==== AVAILABLE DATA
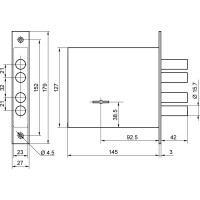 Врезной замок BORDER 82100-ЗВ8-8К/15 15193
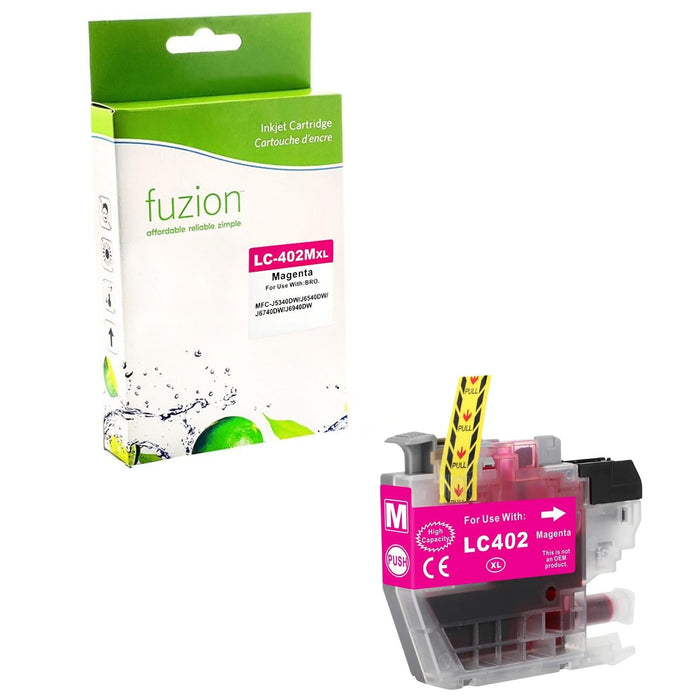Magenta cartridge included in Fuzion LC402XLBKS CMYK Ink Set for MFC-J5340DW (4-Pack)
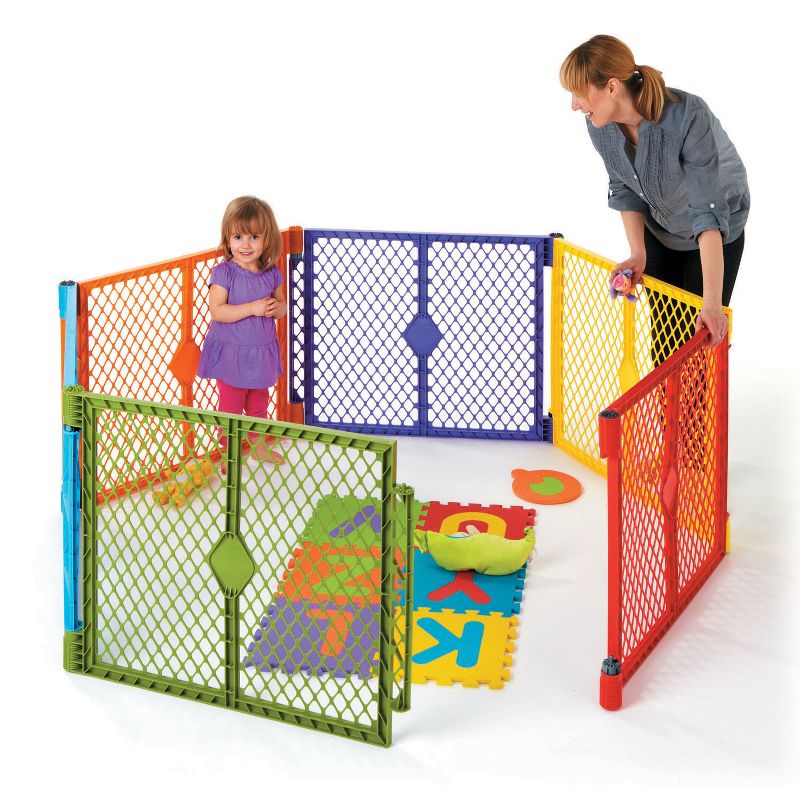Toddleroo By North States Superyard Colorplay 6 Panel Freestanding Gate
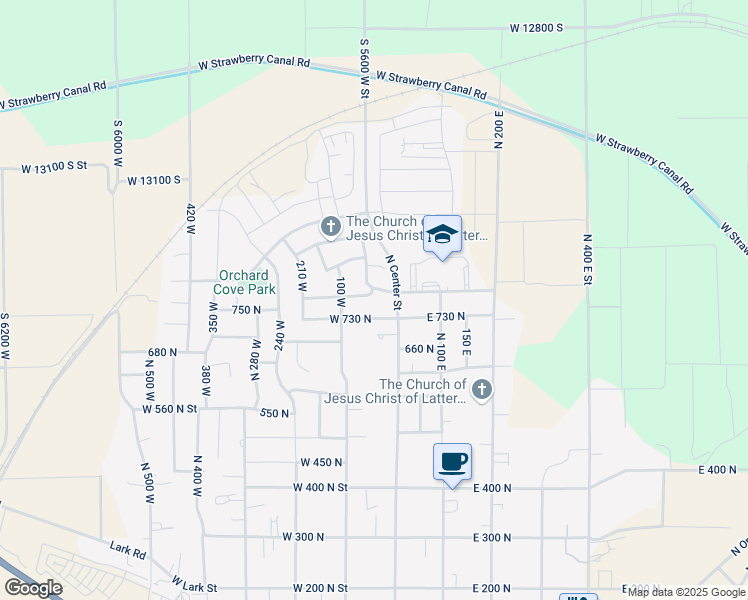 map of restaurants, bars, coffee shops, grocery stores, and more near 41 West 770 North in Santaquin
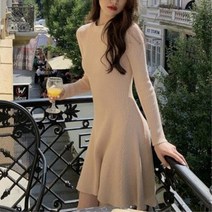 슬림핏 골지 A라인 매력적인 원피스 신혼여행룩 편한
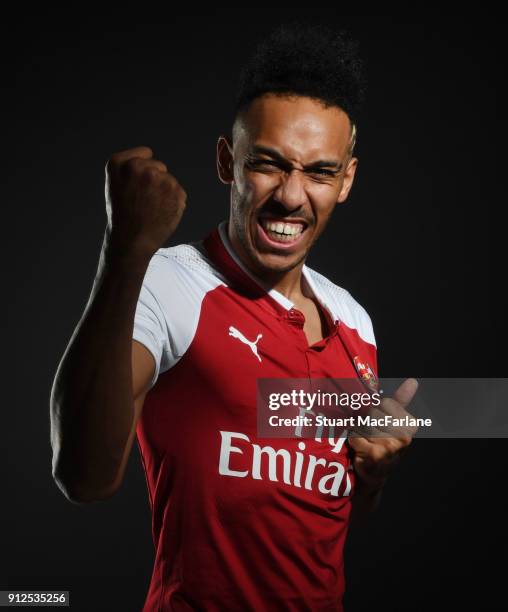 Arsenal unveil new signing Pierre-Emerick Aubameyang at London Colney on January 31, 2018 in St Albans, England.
========
- YOUR TASK -
What is needed is an exact copy of the lines from the line with "map of restaurants, bars, coffee" to the end of the data above, both included, without any pictures.

- ANSWER TO THIS EXERCISE -
 map of restaurants, bars, coffee shops, grocery stores, and more near 41 West 770 North in Santaquin
 슬림핏 골지 A라인 매력적인 원피스 신혼여행룩 편한
 Arsenal unveil new signing Pierre-Emerick Aubameyang at London Colney on January 31, 2018 in St Albans, England.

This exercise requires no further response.